=== Work to be completed ===
Line by line, return the listing exactly, without any of the images.

=== Information supplied ===
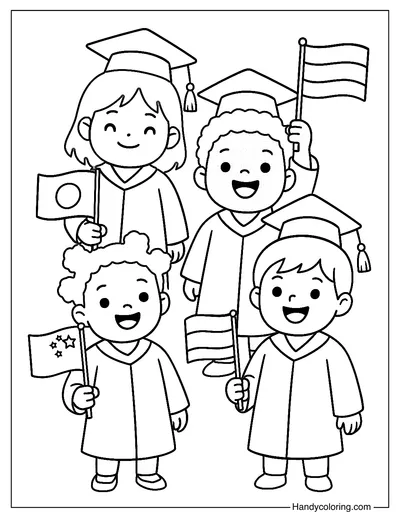 Graduation Around the World Page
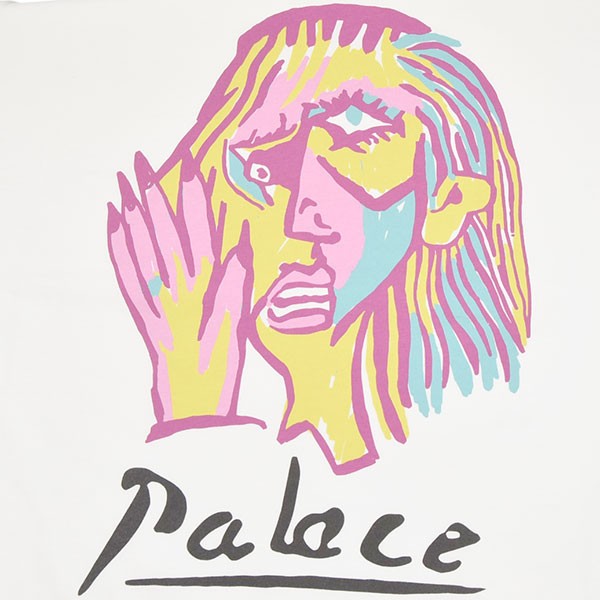 PALACE 2018AW SIGNATURE T-SHIRT プリントTシャツ 古着・中古-4枚目のアイテム画像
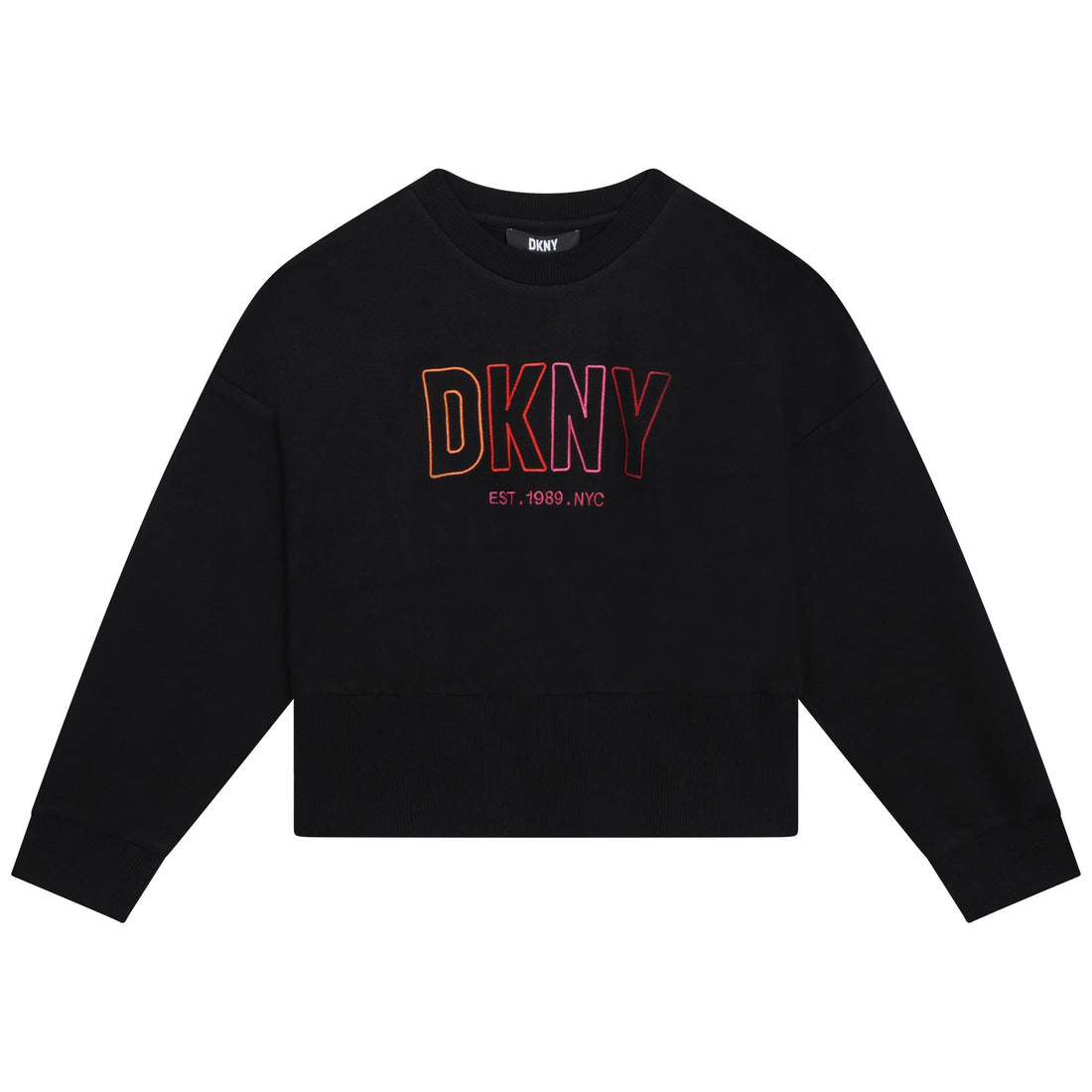 DKNY  Black Logo Sweatshirt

=== Output of the exercise ===
 Graduation Around the World Page
 PALACE 2018AW SIGNATURE T-SHIRT プリントTシャツ 古着・中古-4枚目のアイテム画像
 DKNY  Black Logo Sweatshirt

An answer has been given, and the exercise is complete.